Quo Vadiz BUMN: Harapan Baru di Era BP BUMN dan BPI Danantara
Target Nyata: Fondasi Tata Kelola dan Quick Wins
Untuk dua tahun pertama, BP BUMN perlu fokus pada fondasi tata kelola: menyusun blueprint nasional GCG, mengklasifikasikan BUMN berdasarkan fungsi (komersial, PSO, strategis), serta mengimplementasikan fit and proper test yang transparan.
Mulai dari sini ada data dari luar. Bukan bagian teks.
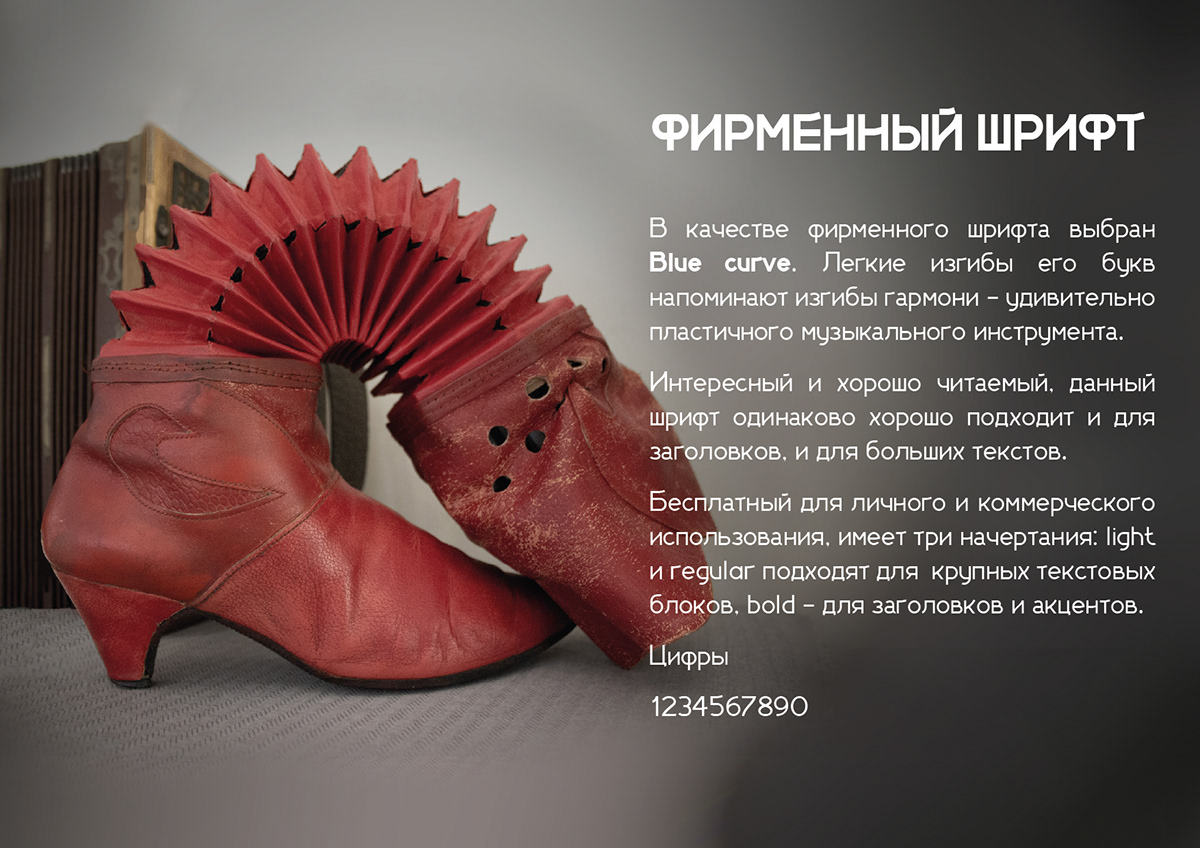 Международный фестиваль-конкурс "Тульская гармоника" — Изображение №4 — Брендинг на Dprofile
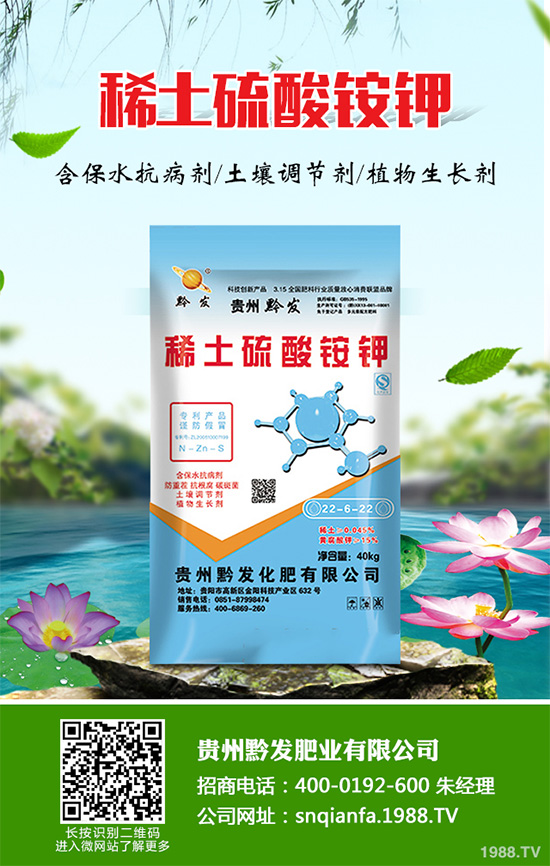 萵苣什么時(shí)候種植？萵苣高產(chǎn)種植方案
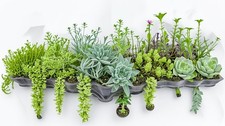 Succulents Trailing Assortment Rooted Starter Plant (Pack of 3)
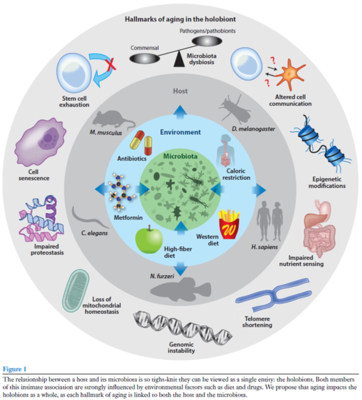 學術沙龍聚焦益生菌研究新進展，完美生科院探索生物產品研發新思路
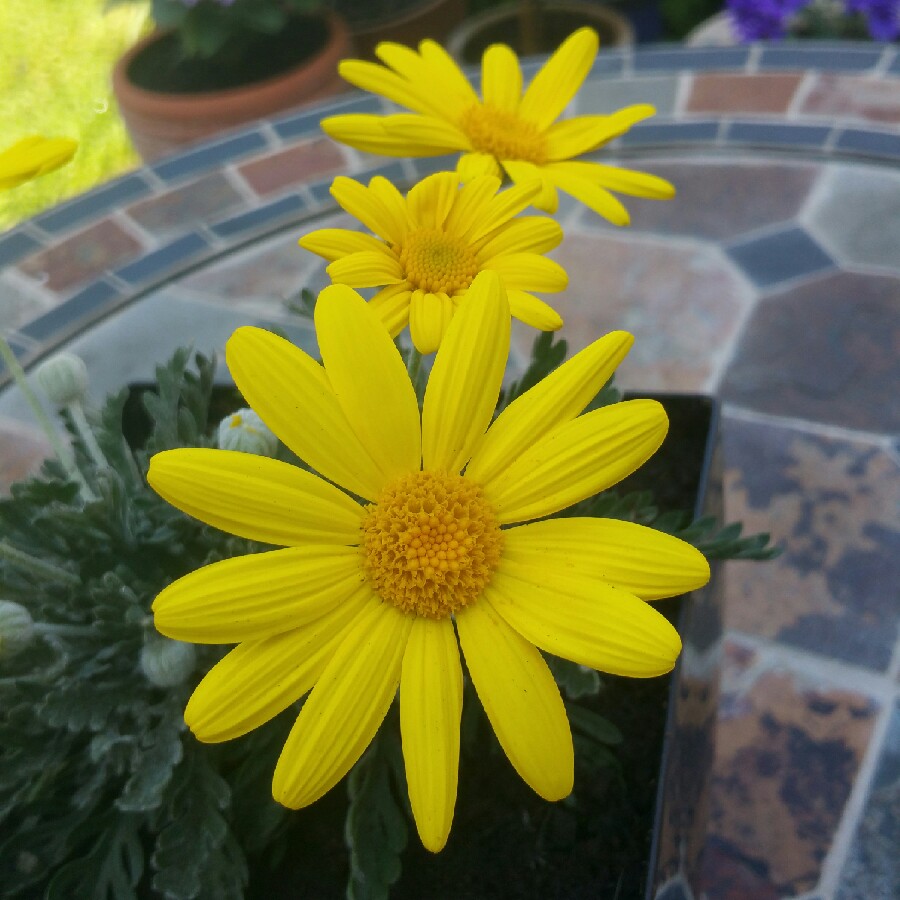 Grey-leaved Euryops Silver Star in the GardenTags plant encyclopedia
Sementara Danantara harus segera membuktikan kemampuan manajerialnya melalui restrukturisasi 3–5 BUMN bermasalah, publikasi indeks kesehatan BUMN pertama dalam 6 sampai 12 bulan secara terbuka, mengurangi waktu proses pengangkatan direksi/komisaris dari rata-rata 6 bulan menjadi 2 bulan.
Contoh quick wins yang nyata yaitu melakukan restrukturisasi cepat BUMN bermasalah. Misalnya penyatuan BUMN konstruksi yang terlilit utang besar menjadi merger atau divestasi aset non-inti. Lalu, melakukan Rights Issue BUMN Tertentu. Caranya dengan melepas sebagian saham anak usaha BUMN energi atau telekomunikasi di bursa untuk menambah transparansi dan menarik investor.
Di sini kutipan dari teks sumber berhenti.